The prosecutor then completed his closing argument by warning the jurors not to allow the defense attorney "to put a guilt trip on you" and by reviewing the highlights of the senseless killing. He then asked for the death penalty for this crime against the victim, the community and society in general.

After defense counsel's closing argument, the prosecutor's rebuttal closing was reasoned and contained no appeal to prejudice.

Argument of counsel shall not appeal to prejudice. La.C.Cr.P. art. 774. The prosecutor may not turn closing argument into a plebiscite on crime. State v. Sugar, 408 So.2d 1329 (La.1982). Here, the prosecutor's closing argument was improper at several points, but defense counsel immediately objected and the trial judge sustained the objectiuons. The principal issue is whether the improper remarks in closing argument require the setting aside of the sentence.
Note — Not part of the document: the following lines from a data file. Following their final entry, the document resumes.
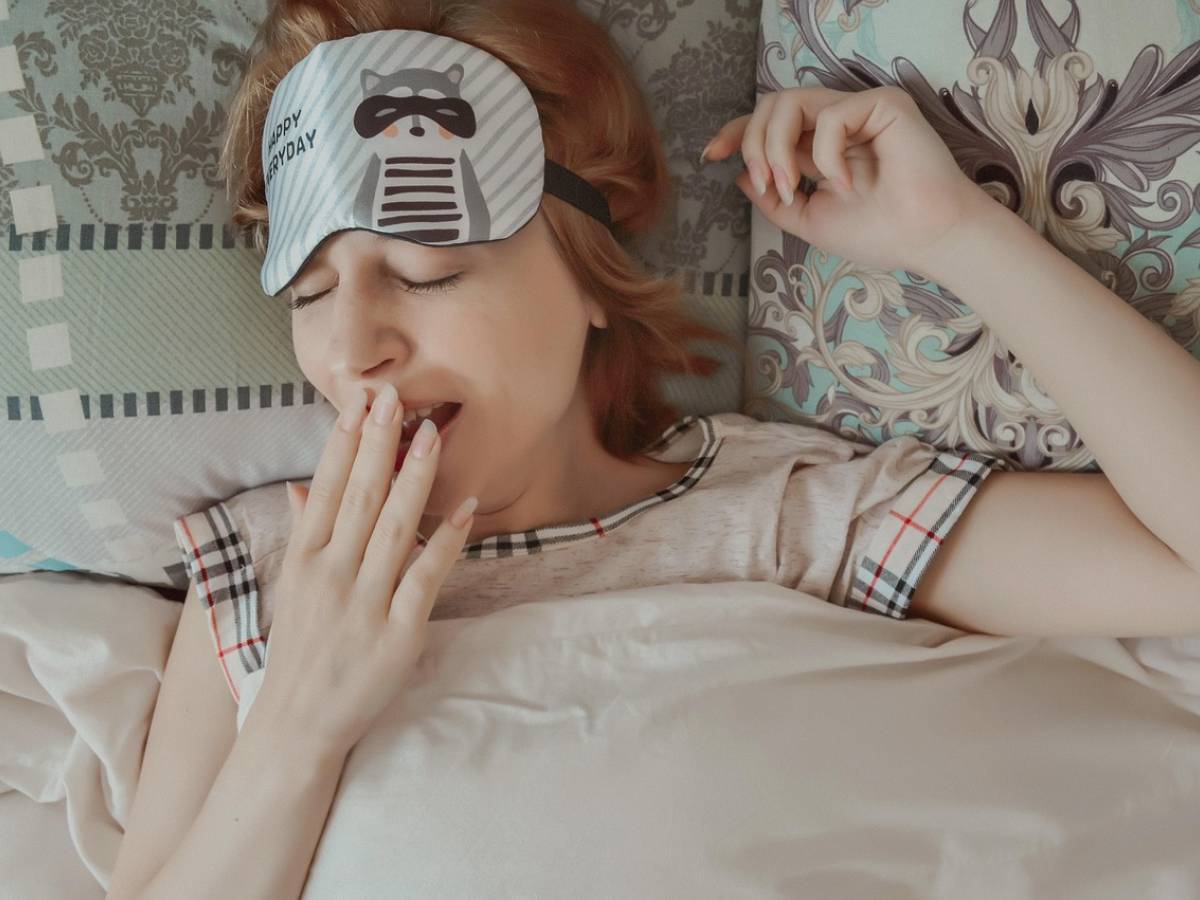 I primi 10 minuti dopo il risveglio sono ciò che condiziona la giornata: cosa sapere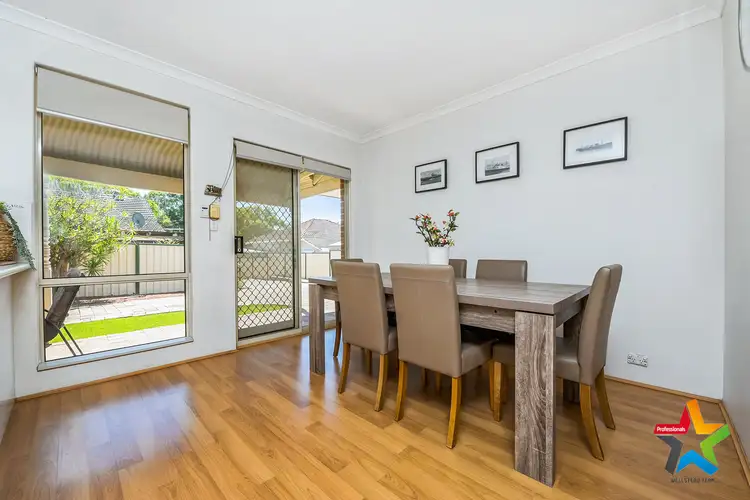 Third view of Homely house listing, 61 Broadway, Bassendean WA 6054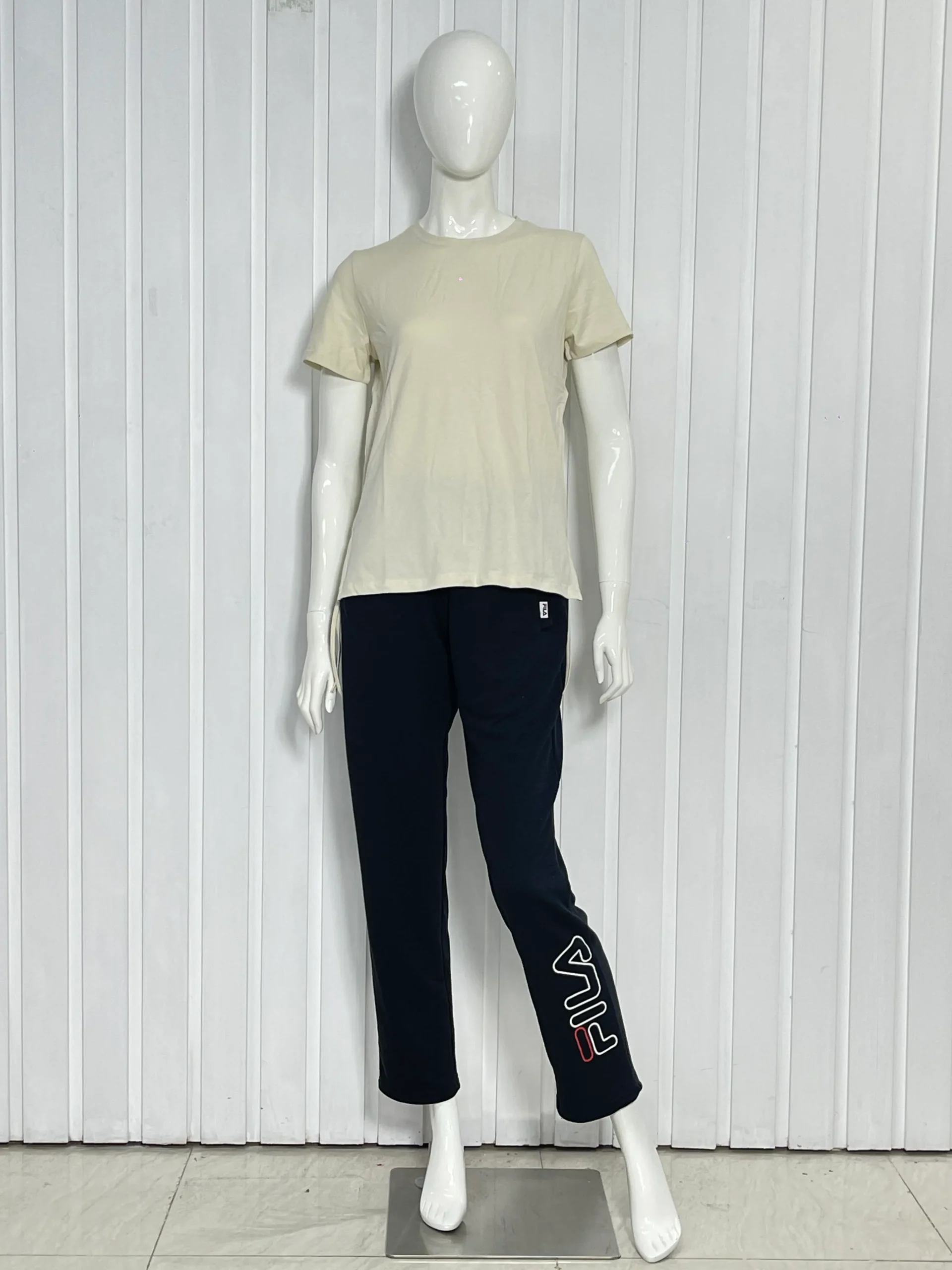 Off White Women’s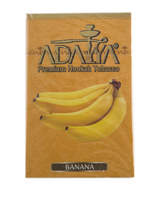 Табак ADALYA 50 г Banana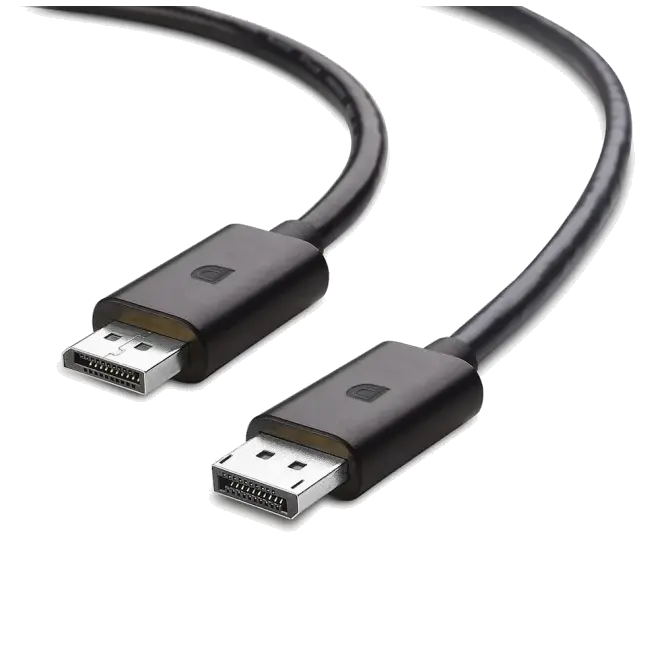 1.8-metre-simplecom-displayport-male-to-male-cable-cad418-0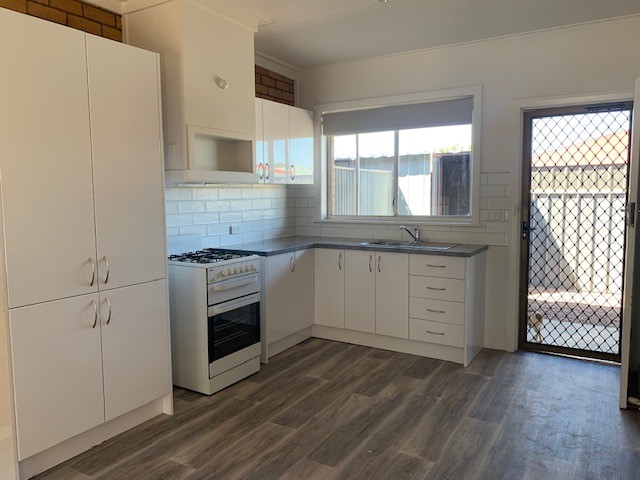 3 / 20 Cribbes Road, Wangaratta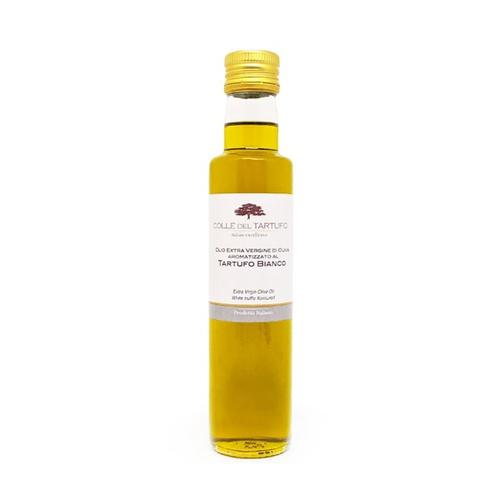 AZEITE COLLE DEL TARTUFO 250ML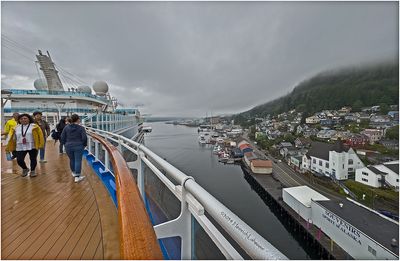 IMG_4161-Ketchikan.jpg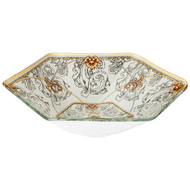 Lefard  Monogram,25 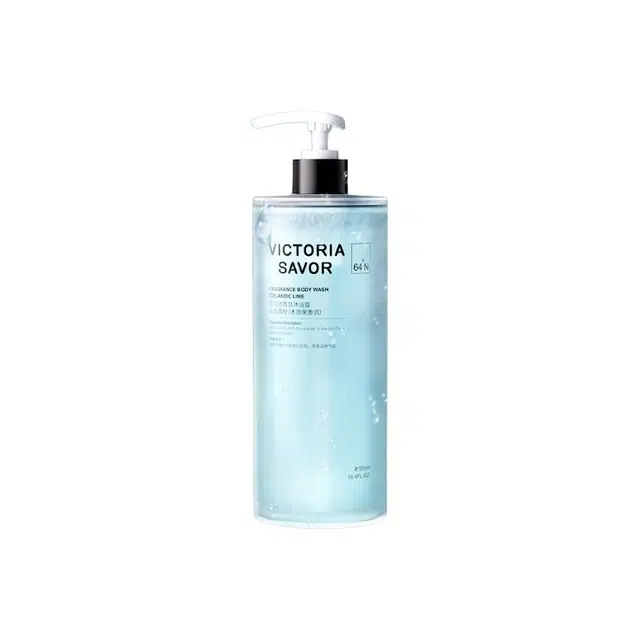 350ml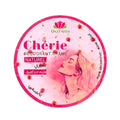 Bio’Ness Chérie – Déodorant Crème Naturel
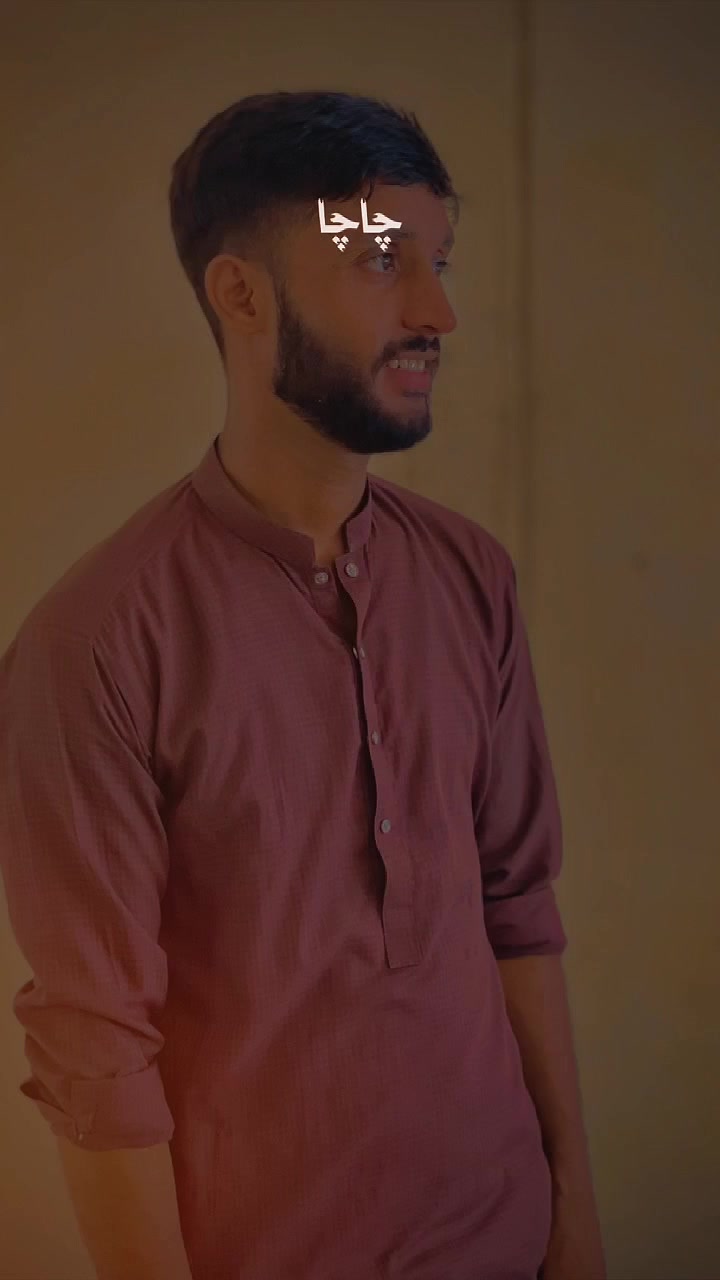 @عبدالباسط بن غلام حسین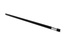 TUBE - TRACK ROD - DRAG LINK AND DAMPERS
The court must determine whether the jurors were influenced by the remarks and whether the remarks contributed to the verdict. State v. Knighton, 436 So.2d 1141 (La.1983).

This court has set aside death penalties when we were unable to conclude that an improper closing argument by the prosecutor did not influence the jury's recommendation. State v. Willie, 410 So.2d 1019 (La.1982); State v. Robinson, 421 So.2d 229 (La.1982). Here, the prosecutor made some improper comments which attempted to appeal to the prejudice of the jurors. However, the remarks in this case fall far short of the tirade by the prosecutor in the Robinson case. Indeed, defense counsel in this case was vigilant and objected immediately to the prosecutor's attempts to appeal to prejudice when he began to stray into prohibited subjects such as cable television at Angola, the state of affairs in this parish, and the jury's sending out a message by a death verdict.

A review of the closing argument in its entirety leads us to conclude that the prosecutor's improper remarks did not render the jury's sentence recommendation unreliable. State v. Sharp, 418 So.2d 1344 (La. 1982). Credit should be accorded to the good sense and fairmindedness of jurors who have heard the evidence and have been instructed repeatedly by the trial judge that arguments of counsel are not evidence. State v. Dupre, 408 So.2d 1229 (La.1982).

Statutory Aggravating Circumstances

The single aggravating circumstance found by the jury was clearly supported by the evidence, as we noted in discussing the sufficiency of the evidence in the guilt phase. Moreover, this court has consistently rejected the argument that an aggravating circumstance which is an essential element of the crime under Louisiana's definition of first degree murder cannot constitutionally be used as an aggravating circumstance to support the jury's recommendation of death in the penalty phase. State v. Knighton, 436 So.2d 1141 (La.1983); State v. Sawyer, 422 So.2d 95 (La.1982).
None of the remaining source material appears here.